Jamie Evrard | In Full Bloom

September 9 - 23, 2023
3045 Granville Street, Vancouver
Opening Reception Saturday, September 9, 2-4pm | Artist in Attendance


Bau-Xi Vancouver presents In Full Bloom, the new exhibition from Vancouver artist Jamie Evrard. A master of expressionist florals, Evrard offers a lush reverie of a collection which celebrates the bountiful blooms and blissful headiness of high summer in Vancouver. Through Evrard's atmospheric paintings, the viewer is led down meandering paths of nostalgia and appreciation for the very best of times - a welcome respite in today's uncertain world.


Artist Statement:

Another bright blue morning and I went out to pick some pints of blackberries and an enormous bunch of deep ultramarine hydrangeas, enough to fill a pail. Crashing through the back gate with my purple pilferage, I brushed by the mint patch, filling the air with its scent.
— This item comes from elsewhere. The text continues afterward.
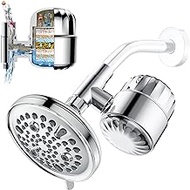 jeriussg 6" Chrome Round Shower Filter Head for Hard Water, 9 Setting Mode 2.5GPM Shower Heads with Water Filters for Shower Include A Filter Cartridge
Then, just as I was settling down to work in my studio I heard steel drums in the park, and had to run out to that warm green field strewn with feathers of the geese who inhabit it all summer between baseball games. The sun and the joyful music warmed me. Summer! Too much to fit into a canvas, and how could I describe this mad beauty anyway? I bought every colour I could find, and I tried.

Being inside my airy studio surrounded by garden felt outside; fuchsias, golds, a few cadmiums popping through the windows, a cool breeze. As I worked, each painting told me a story - not at all the one I had expected, but I listened as the shapes and colours unfolded sometimes way into the evening to the sounds of baseballs pinging off aluminum bats, kids laughing. A humming bird flew in and finally out again, and I put away my paints to try again the next day.